Nagwa M. Omar

Work place: Faculty of Computers and Information, Assiut University, Assiut, Egypt

E-mail: n_omar@aun.edu.eg

Website:

Research Interests:

Biography

Dr. Nagwa M. Omar received the B.Sc., M.Sc., and PhD degrees in Compute Engineering from the Faculty of Engineering, Assiut University, Assiut, Egypt, in 1999, 2002, and 2008 respectively. She worked as Assistant Professor at the Information Technology Department, Faculty of Computers and Information, Assiut University, Assiut, Egypt, from 2009 to 2016. She is working as Associate Professor at the Information Technology Department, Faculty of Computers and Information, Assiut University, Assiut, Egypt from 2016 to now. 

Author Articles
Machine Learning-based Distributed Denial of Service Attacks Detection Technique using New Features in Software-defined Networks

By Waheed G. Gadallah Nagwa M. Omar Hosny M. Ibrahim

DOI: https://doi.org/10.5815/ijcnis.2021.03.02, Pub.

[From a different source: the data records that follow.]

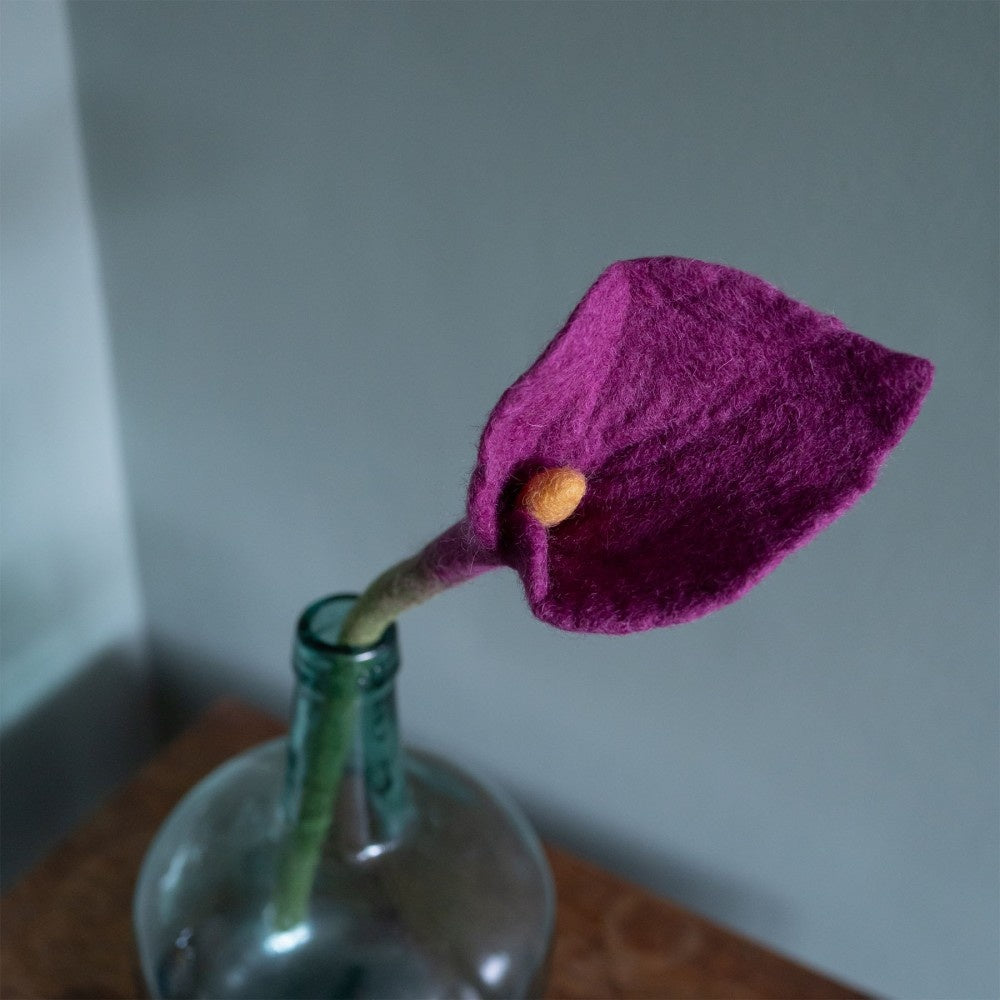 Flower Calla Wool Felt - Various Colors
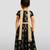 Jbn creations girls black dupion silk lehenga set - rose gold foil print traditional outfit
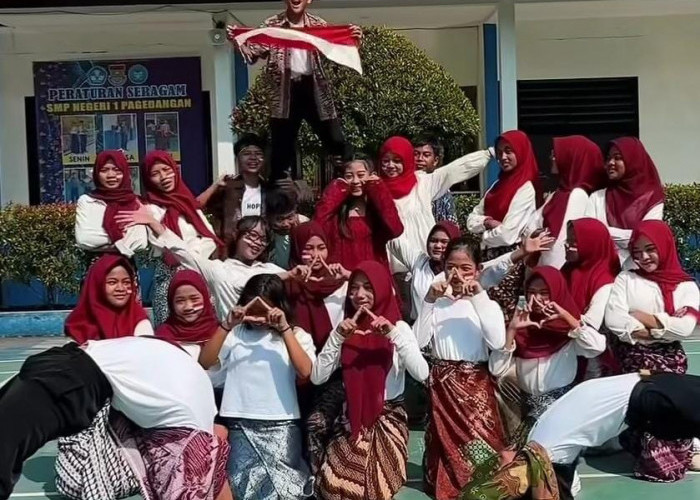 SMPN 1 Pagedangan, Merawat Kemerdekaan dengan Pagelaran Seni Budaya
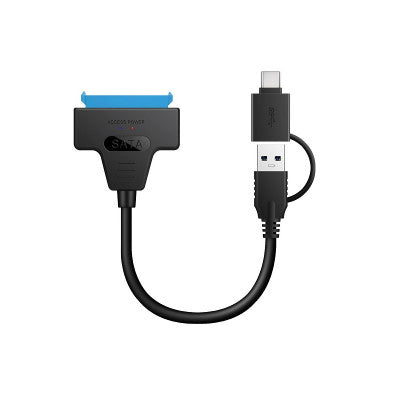 An SATA3.0 to USB3.0 / Type C 2in1 External Hard Disk Data Cable - 20CM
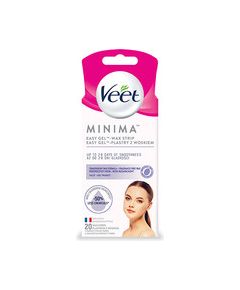 Veet Hypoallergenic wax strips for face Minima 20 pcs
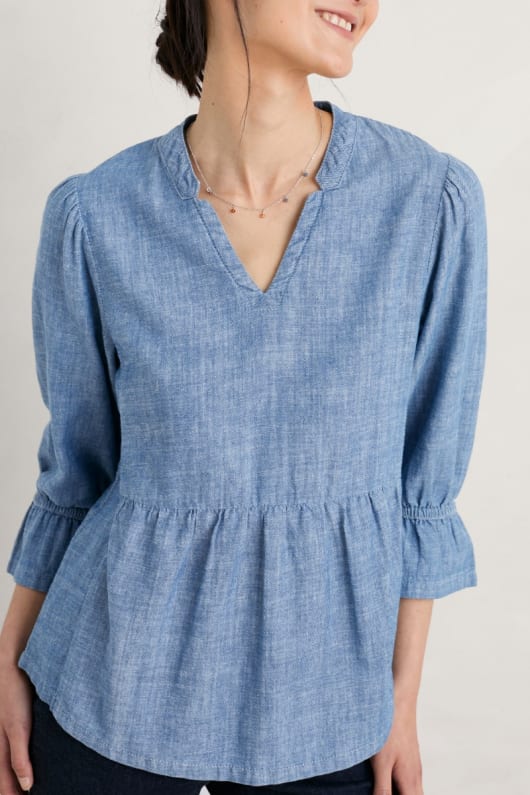 Fountain Peplum Top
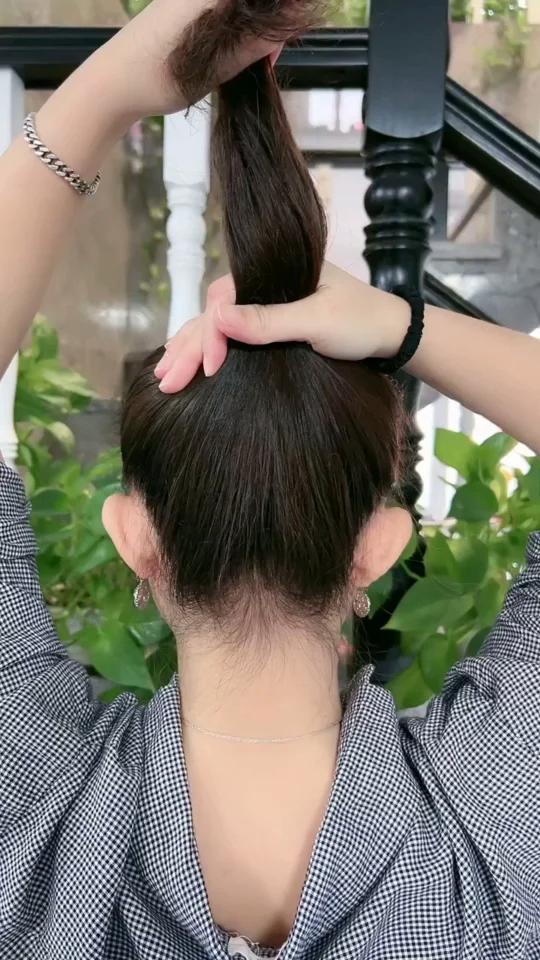 窝窝头发型分享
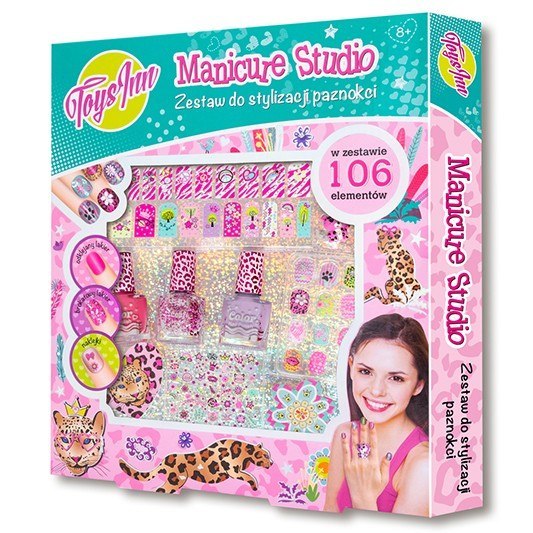 Zestaw do manicure dla dziewczynek Pantera marki Stnux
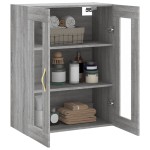 vidaXL Dulap montat pe perete, gri sonoma, 69,5x34x90 cm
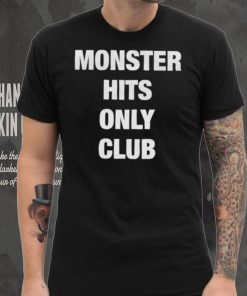 Dave Portnoy Wearing Monster Hits Only Club Shirt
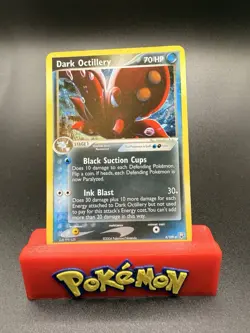 Dark Octillery Pokemon TCG 8/109 Team Rocket Returns Holo LP - Image 1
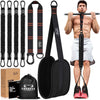 Pull up Assistance Bands, 300Lbs Heavy Duty Resistance Bands for Pull Ups with Adjustable Height, Fabric Feet Rest & Knee Support, Strength Training Pull up Bar Assist Bands for Home Gym Workouts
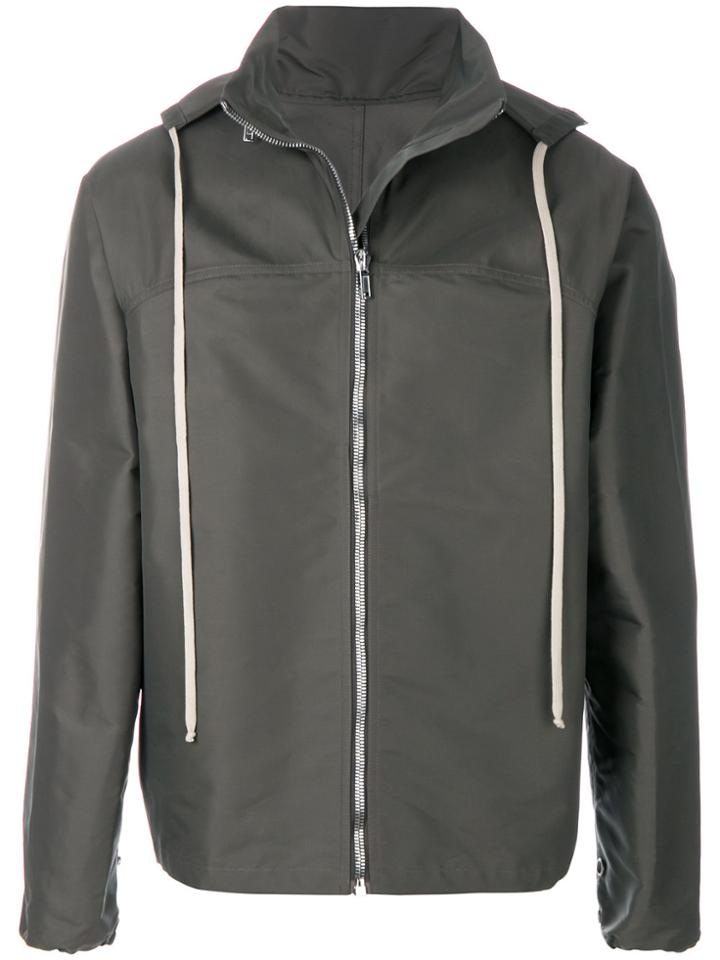 Rick Owens Hooded Jacket - Grey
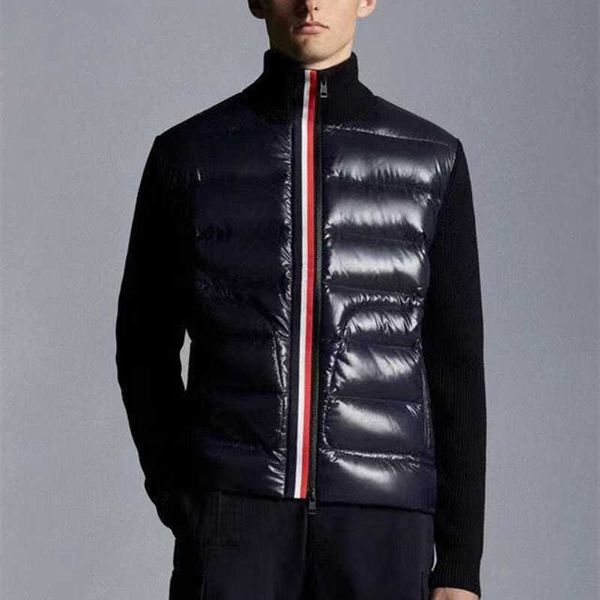 21ss jacket men's , women's outdoor warm long sleeved down jacket autumn and winter hooded knitted splicing coat letter epaulet zi, Black
21ss jacket men's , women's outdoor warm long sleeved down jacket autumn and winter hooded knitted splicing coat letter epaulet zi, Black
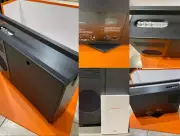 Hermes Boombox Vertical Record Player Speaker Turntable New With Dust Bag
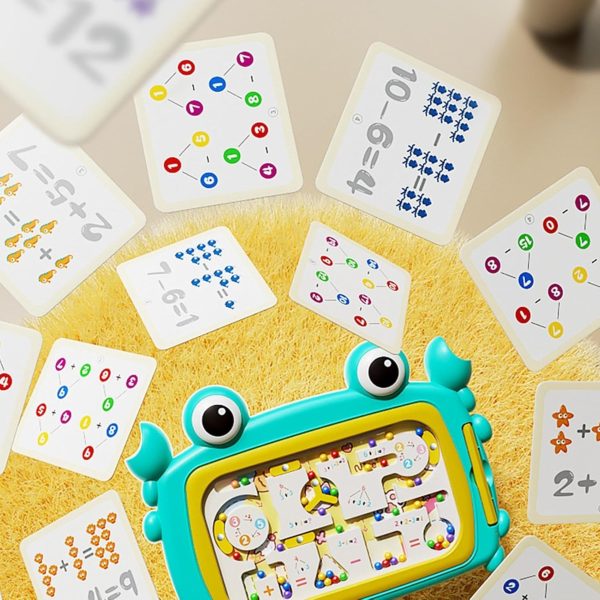 WOOPIE-Tablica-Magnetyczna-Montessori-Labirynt-Krab-Turkusowa-4 WOOPIE-Tablica-Magnetyczna-Montessori-Labirynt-Krab-Turkusowa-4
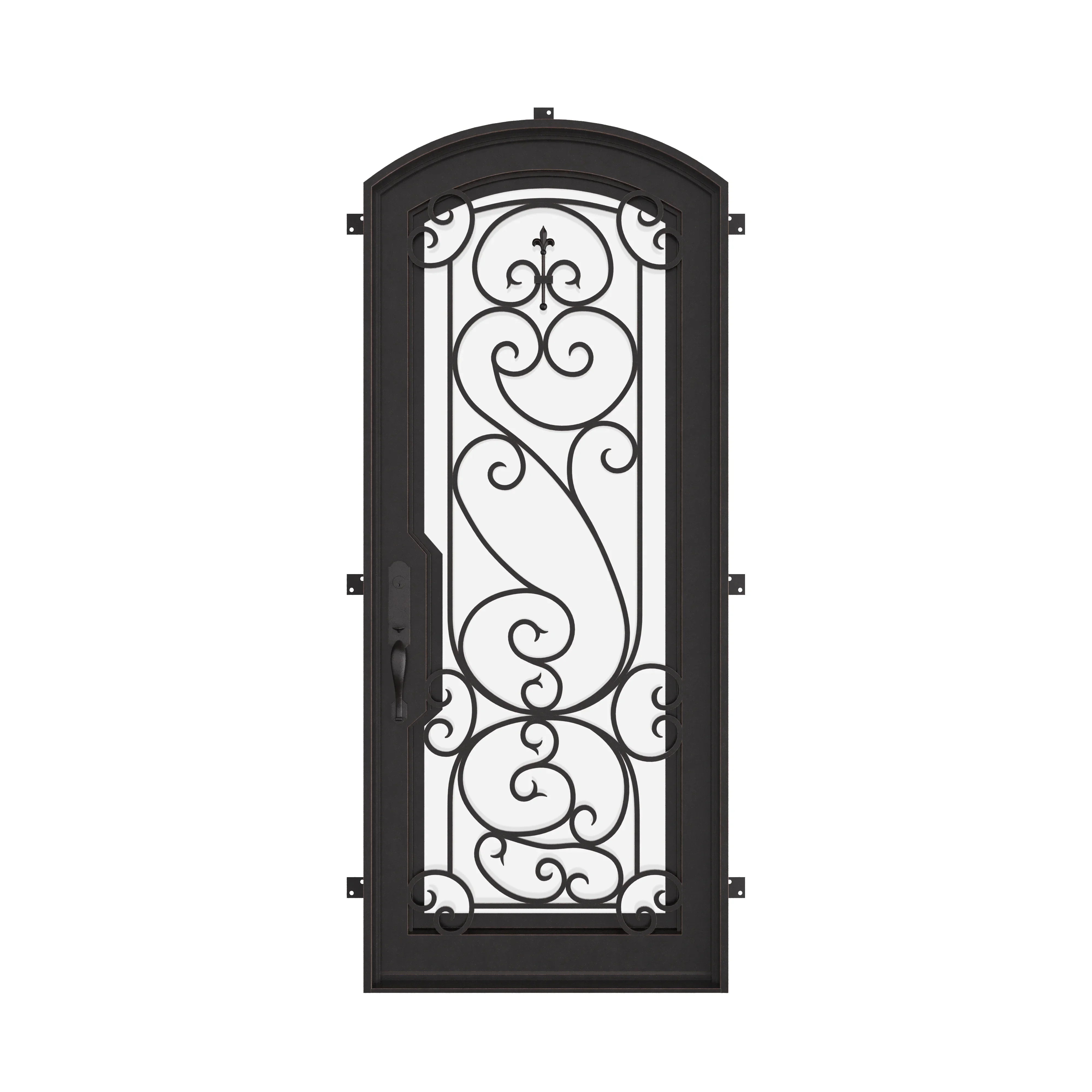 Golden Gate arch top swinging door in bronze finish.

Date: 8 Jun. 2021

Software-Defined Networking is a new network architecture that separates control and data planes. It has central network control and programmability facilities, so it improves manageability, scaling, and performance. However, it may suffer from creating a single point of failure against the controller, which represents the network control plane. So, defending the controller against attacks such as a distributed denial of service attack is a valuable and urgent issue. The advances of this paper are to implement an accurate and significant method to detect this attack with high accuracy using machine learning-based algorithms exploiting new advanced features obtained from traffic flow information and statistics. The developed model is trained with kernel radial basis function. The technique uses advanced features such as unknown destination addresses, packets inter-arrival time, transport layer protocol header, and type of service header. To the best knowledge of the authors, the proposed approach of the paper had not been used before. The proposed work begins with generating both normal and attack traffic flow packets through the network. When packets reach the controller, it extracts their headers and performs necessary flow calculations to get the needed features. The features are used to create a dataset that is used as an input to linear support vector machine classifier. The classifier is used to train the model with kernel radial basis function. Methods such as Naive Bayes, K-Nearest Neighbor, Decision Tree, and Random Forest are also utilized and compared with the SVM model to improve the detection operation. Hence, suspicious senders are blocked and their information is stored. The experimental results prove that the proposed technique detects the attack with high accuracy and low false alarm, compared to other related techniques.